Frederick P. Hitz: Good question. They may have been "official" Russians i.e. those with dip passports.
Moscow, Idaho: Despite names like Murphy or Chapman, these folks clearly had non-American accents and nobody seemed to be fooled. If I meet a person named Murphy, because perhaps an Irish accent, I would be a bit taken aback with it.
Frederick P. Hitz: What amused me was the purported "French" lady whose neighbors did not think the accent was right.
How many countries?: Obviously we know the Russians, Chinese and Israelis have numerous spies in the U.S. Do France and Germany and other allies also have spies in the U.S.?
Frederick P. Hitz: It's dangerous to assume that they do not, but current realities suggest that we just have so many dealings with our NATO allies it is unlikely they are spying on us. With respect to the U.K. we have a joint agreement not to.
Why now?: the most interesting part of this spy saga is not the Ruskies, it's the internal mechanisms. Right now we need Russian help and support on Afghanistan and Iran, and we seem to be doing better than usual at getting that support. So why make the bust the same week Medvedev is having his Ray's Hell burger?
Frederick P. Hitz: Good question. I believe the President had to have been told that the FBI was about to move. Perhaps he used the occasion of the burger summit to tell Medvedev that something big was coming down and not to consider it the end of the world.

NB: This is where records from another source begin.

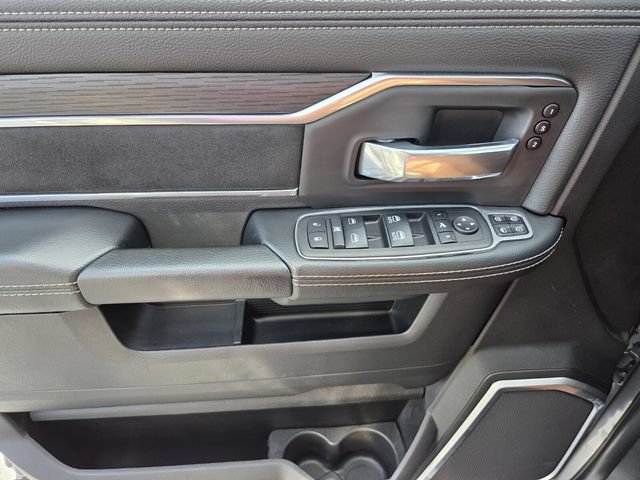 Used 2024 RAM 3500 Laramie w/ Sport Appearance Package AWD/4WD image 19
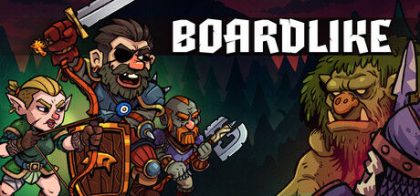 桌游like/Boardlike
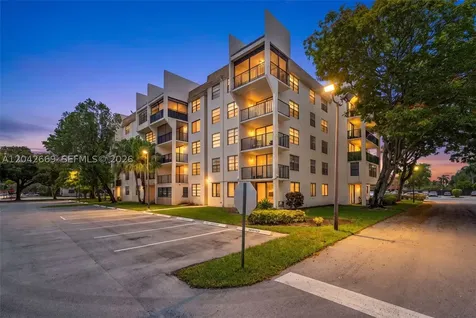 6190 Woodlands Boulevard Tamarac FL 33319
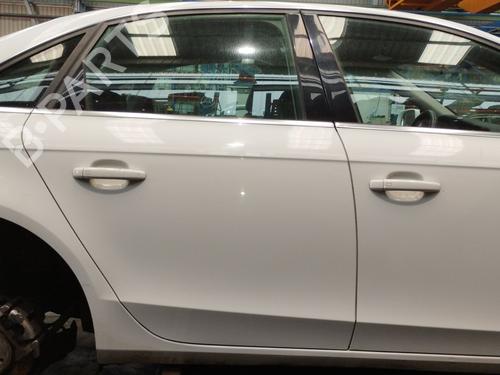 Used Right rear door AUDI A4 B8 (8K2) 2.0 TDI (143 hp) 31194780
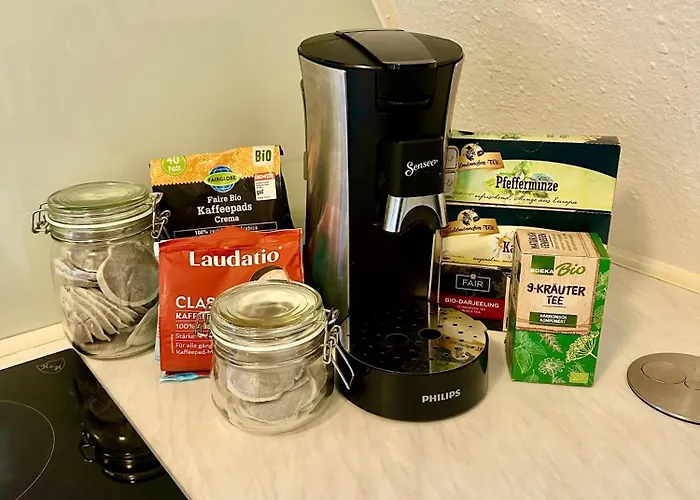 Finnhuette Louise Am Storkower بيت للعطل شتوركو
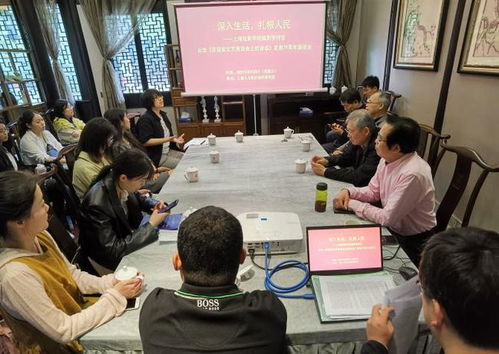 深入生活，扎根人民 文艺创作的永恒命题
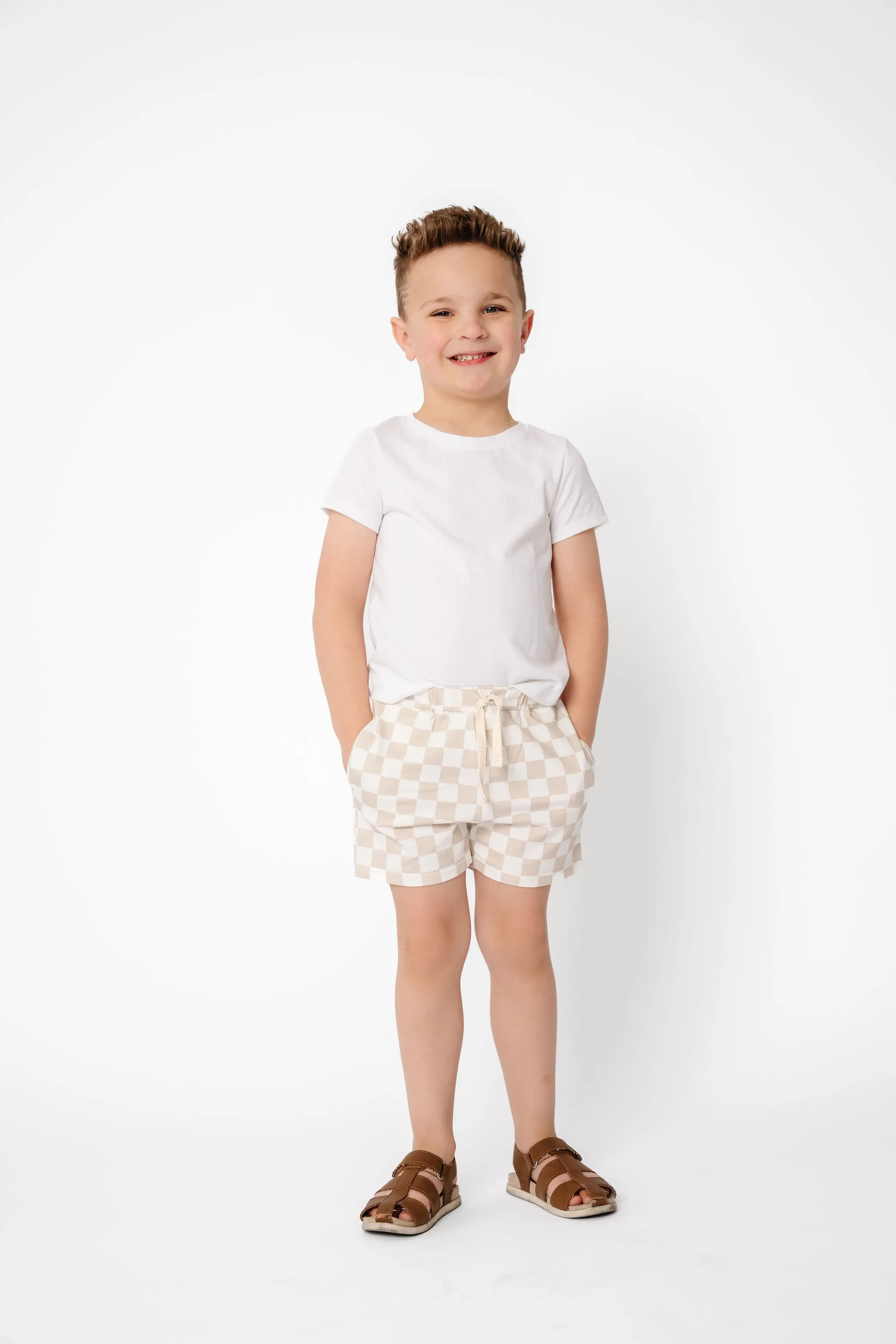 Play Short - Brooks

Charlottesville, Va.: I remember not that long ago a press conference with 4 congressmen lamenting the number of Muslims on Capitol Hill with internships as if it was a major plot.
I think there [were] five Muslim interns at the time and nothing even close to hard evidence was proven against them.
So not shocked the Russians didn't go the Capitol Hill intership route.
Frederick P. Hitz: Good point, but I think that because of the Soviets' "illegals " program in the 30's the FBI was sensitive to their use of this technique.
Global reaction?: What might the thoughts/opinions of the intelligence community globally, if any? How are the actions of the U.S. being viewed?
Frederick P. Hitz: I don't think the analysis of the U.S.'s moves will illicit much concern. I think other intelligence agencies might wonder what the Russians were up to and why they felt they had to do it..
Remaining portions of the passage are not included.